Pays pauvres : une aide française au rabais, par Eric Chol

Pays pauvres : une aide française au rabais, par Eric Chol

“La France sera à la hauteur du défi de l’aide au développement !” assurait le président Macron, peu après sa première élection, lors d’une allocution devant les étudiants de l’université de Ouagadougou, au Burkina Faso. Engagement pris, engagement tenu, du moins au cours de son premier quinquennat : alors que, sous François Hollande, l’aide aux pays pauvres avait été rognée, elle a bondi entre 2018 et 2022, passant de 10 à 15 milliards d’euros. Mieux, le chef de l’Etat peut s’enorgueillir d’avoir dépassé l’objectif de 0,55 % du PIB fixé dans son programme présidentiel : en 2022, l’aide publique au développement (APD) a atteint 0,56 %, plus très loin du fameux cap de 0,7 % arrêté par les pays riches en 1970 au titre de leur devoir de solidarité internationale.

Un objectif que la France n’avait jusque-là jamais respecté, mais une nouvelle loi votée par l’ensemble des partis politiques, en 2021, avait ravivé cet espoir, en crantant l’année 2025 pour y parvenir.
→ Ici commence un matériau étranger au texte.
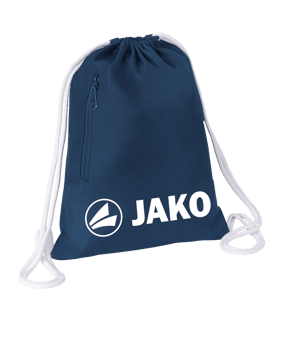 JAKO Gymsack Blau F09 - blau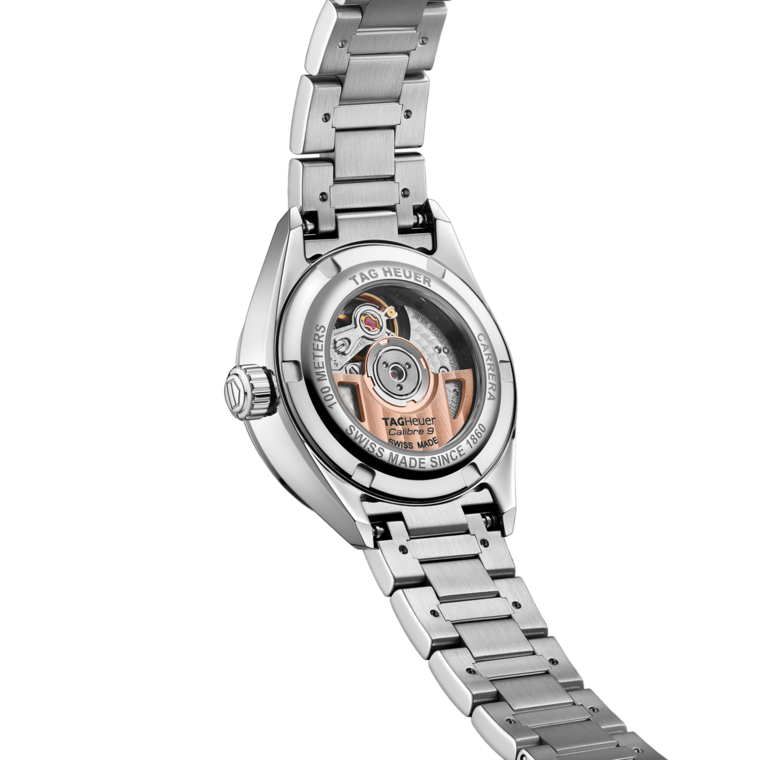 TAG Heuer TAG Heuer Carrera Date Automático 29 Mm Acero WBN2413.BA0621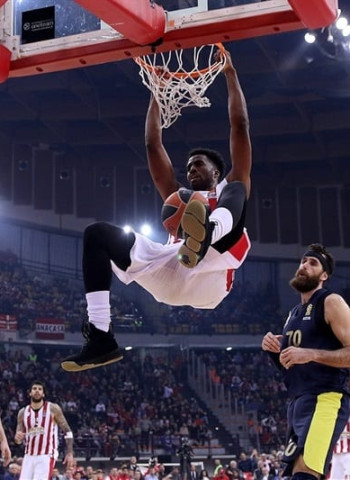 Jamel McLean, al Lokomotiv Kuban
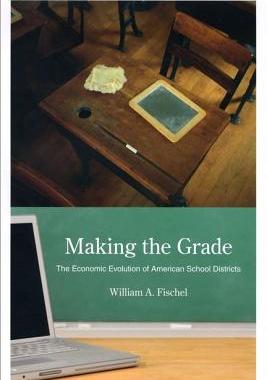 【预售】Making the Grade: The Economic Evolution of American School Districts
La dynamique alors bien réelle s’est définitivement brisée lors du deuxième quinquennat d’Emmanuel Macron. Pour quelles raisons ? A cause des coups d’Etat à répétition en Afrique, du dérapage complet du déficit budgétaire français ? Ce qui est certain, c’est que, depuis l’été 2023, la France a revu drastiquement à la baisse ses ambitions, d’abord, en renvoyant à 2030 le fameux seuil de 0,7 % et puis en amputant de 742 millions le budget de l’aide publique au développement. “Il n’y a rien de surprenant, c’est la variable d’ajustement par excellence et, à l’inverse des agriculteurs, il n’y a pas de syndicats pour protester”, relève l’universitaire Philippe Marchesin*, spécialiste de la coopération.

Les ciseaux de l’exécutif n’y sont pas allés de main morte : selon les calculs du think tank Focus 2030, le report de cinq années de l’objectif de 0,7 % du PIB revient à un manque à gagner de 11 milliards d’euros d’aide pour les pays les plus vulnérables…

Un peu plus d’exemplarité

Quant à l’effort financier requis par Bercy au titre de l’aide aux pays pauvres, il est 10 fois plus important que pour les autres lignes budgétaires… De quoi faire pâlir l’image de la France généreuse, qui était parvenue à se hisser au quatrième rang mondial des bailleurs d’aide publique au développement.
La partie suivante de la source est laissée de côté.